◆ **Collected data entries**:
☆ ☆ ☆ ☆

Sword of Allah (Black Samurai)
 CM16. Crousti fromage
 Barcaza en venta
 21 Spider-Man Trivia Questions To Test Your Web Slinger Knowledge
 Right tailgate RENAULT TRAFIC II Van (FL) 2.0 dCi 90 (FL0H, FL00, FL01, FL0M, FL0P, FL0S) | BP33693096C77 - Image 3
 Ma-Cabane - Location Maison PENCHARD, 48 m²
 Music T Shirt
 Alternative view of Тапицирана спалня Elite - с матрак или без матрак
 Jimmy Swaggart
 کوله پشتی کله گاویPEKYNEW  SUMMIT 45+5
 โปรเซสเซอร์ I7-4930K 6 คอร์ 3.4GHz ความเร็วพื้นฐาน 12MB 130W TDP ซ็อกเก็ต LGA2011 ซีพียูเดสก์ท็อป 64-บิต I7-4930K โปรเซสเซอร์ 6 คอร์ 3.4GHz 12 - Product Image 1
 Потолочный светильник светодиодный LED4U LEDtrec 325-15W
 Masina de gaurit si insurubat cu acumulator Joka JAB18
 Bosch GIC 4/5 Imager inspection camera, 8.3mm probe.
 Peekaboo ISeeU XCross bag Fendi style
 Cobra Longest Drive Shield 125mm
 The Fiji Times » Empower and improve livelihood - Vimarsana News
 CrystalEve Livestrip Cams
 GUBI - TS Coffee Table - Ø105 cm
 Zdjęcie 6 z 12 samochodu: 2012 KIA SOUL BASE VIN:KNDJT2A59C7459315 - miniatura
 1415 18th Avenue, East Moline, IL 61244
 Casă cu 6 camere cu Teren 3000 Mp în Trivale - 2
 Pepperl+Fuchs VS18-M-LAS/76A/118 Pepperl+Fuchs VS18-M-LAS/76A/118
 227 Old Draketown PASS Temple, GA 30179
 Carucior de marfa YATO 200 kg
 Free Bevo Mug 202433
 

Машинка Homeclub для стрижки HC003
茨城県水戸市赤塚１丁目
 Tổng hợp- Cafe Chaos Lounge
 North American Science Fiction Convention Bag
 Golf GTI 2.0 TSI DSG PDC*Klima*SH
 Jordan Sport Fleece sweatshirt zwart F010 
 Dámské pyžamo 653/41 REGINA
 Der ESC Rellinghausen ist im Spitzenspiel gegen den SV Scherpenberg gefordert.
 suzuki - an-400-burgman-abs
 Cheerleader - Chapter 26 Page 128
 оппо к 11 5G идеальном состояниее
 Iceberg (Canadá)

☆ ☆ ☆ ☆

◆ **Work instructions**:
Please transcribe every entry above exactly as it appears.

◆ **Response box**:
Sword of Allah (Black Samurai)
 CM16. Crousti fromage
 Barcaza en venta
 21 Spider-Man Trivia Questions To Test Your Web Slinger Knowledge
 Right tailgate RENAULT TRAFIC II Van (FL) 2.0 dCi 90 (FL0H, FL00, FL01, FL0M, FL0P, FL0S) | BP33693096C77 - Image 3
 Ma-Cabane - Location Maison PENCHARD, 48 m²
 Music T Shirt
 Alternative view of Тапицирана спалня Elite - с матрак или без матрак
 Jimmy Swaggart
 کوله پشتی کله گاویPEKYNEW  SUMMIT 45+5
 โปรเซสเซอร์ I7-4930K 6 คอร์ 3.4GHz ความเร็วพื้นฐาน 12MB 130W TDP ซ็อกเก็ต LGA2011 ซีพียูเดสก์ท็อป 64-บิต I7-4930K โปรเซสเซอร์ 6 คอร์ 3.4GHz 12 - Product Image 1
 Потолочный светильник светодиодный LED4U LEDtrec 325-15W
 Masina de gaurit si insurubat cu acumulator Joka JAB18
 Bosch GIC 4/5 Imager inspection camera, 8.3mm probe.
 Peekaboo ISeeU XCross bag Fendi style
 Cobra Longest Drive Shield 125mm
 The Fiji Times » Empower and improve livelihood - Vimarsana News
 CrystalEve Livestrip Cams
 GUBI - TS Coffee Table - Ø105 cm
 Zdjęcie 6 z 12 samochodu: 2012 KIA SOUL BASE VIN:KNDJT2A59C7459315 - miniatura
 1415 18th Avenue, East Moline, IL 61244
 Casă cu 6 camere cu Teren 3000 Mp în Trivale - 2
 Pepperl+Fuchs VS18-M-LAS/76A/118 Pepperl+Fuchs VS18-M-LAS/76A/118
 227 Old Draketown PASS Temple, GA 30179
 Carucior de marfa YATO 200 kg
 Free Bevo Mug 202433
 

Машинка Homeclub для стрижки HC003
茨城県水戸市赤塚１丁目
 Tổng hợp- Cafe Chaos Lounge
 North American Science Fiction Convention Bag
 Golf GTI 2.0 TSI DSG PDC*Klima*SH
 Jordan Sport Fleece sweatshirt zwart F010 
 Dámské pyžamo 653/41 REGINA
 Der ESC Rellinghausen ist im Spitzenspiel gegen den SV Scherpenberg gefordert.
 suzuki - an-400-burgman-abs
 Cheerleader - Chapter 26 Page 128
 оппо к 11 5G идеальном состояниее
 Iceberg (Canadá)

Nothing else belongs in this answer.